A stand-alone transaction via the Towd series name, where the Issuer will make payments on the notes from payments of principal and revenue received from a portfolio comprising loans the equitable or beneficial interest in which will be sold by Cerberus European Residential Holdings B.V. and which were purchased by the Seller from Promontoria (Vantage) Limited under the Initial Mortgage Sale Agreement on or about the Closing Date.

These loans were originally purchased by Promontoria (Vantage) Limited from GE Money Home Lending Limited, GE Money Home Finance Limited, GE Money Mortgages Limited, GE Money Consumer Lending Limited, GE Money Secured Loans Limited, First National Mortgage Corporation Limited, FN Mortgages Limited, Household Mortgage Corporation Limited, Igroup BDA Limited, Igroup 2 Limited, Igroup UK Loans Limited, Igroup 3 Limited and MAES ECP No.1 Limited and secured over residential properties located in England, Wales, Scotland and Northern Ireland.

At the cut-off date (31 October 2016), the provisional pool consisted of 7,566 loans secured over properties located in England, Wales, Northern Ireland or Scotland.

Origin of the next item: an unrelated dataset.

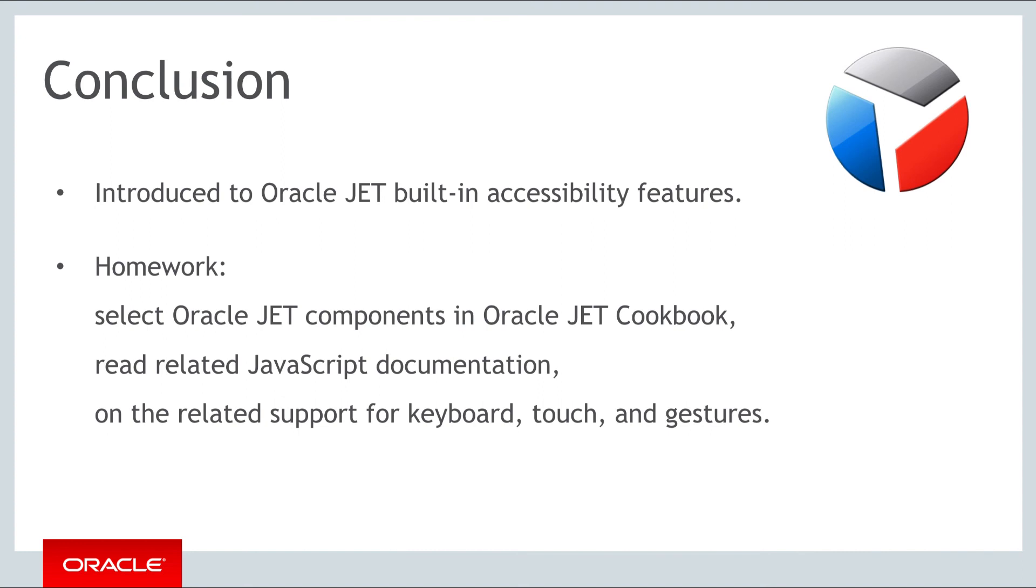In this part, you have been introduced to the JET built-in accessibility features for persons with disabilities. For your homework for this part, select a few different components from the cookbook and read the JS docs to get a better understanding of how keyboard touch and gesture support is provided for each component.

The average loan size is £108,602. Repayment Type: Interest-Only 59.22%, Capital & Interest 29.11%, Part & Part 11.67%.

At the Portfolio Reference Date approximately 38.32% of the Provisional Portfolio is in arrears (meaning the relevant Borrower is at least one monthly payment amount past due on the relevant loan), some 22.04% of the Provisional Portfolio by Current Balance is three months or more in arrears and 11.19% of the Provisional Portfolio by Current Balance is six months or more in arrears. Additionally, approximately 2.01% of the Provisional Portfolio constitutes Buy-to-Let Mortgage Loans. The WA Nationwide LTV is 76.85% and the WA seasoning is 121 months.

Significant Investor: On the Closing Date, the Seller or its affiliates will acquire (i) 100% of the Certificates and (ii) 100% of the Class Z Notes and the DC1 Certificates in compliance with its EU and U.S. risk retention requirements.


CRR 405: On the Closing Date, Cerberus European Residential Holdings B.V. will, as an originator for the purposes of the CRR, retain a material net economic interest of not less than 5% of the nominal value of the securitised exposures in the securitisation. As at the Closing Date, this retention will comprise of the holding of the Class Z Notes, as required by the text of each of Article 405(1)(d) of the CRR, Article 254(2)(d) of the Solvency II Regulation and Article 51(1)(d) of the AIFM Regulation.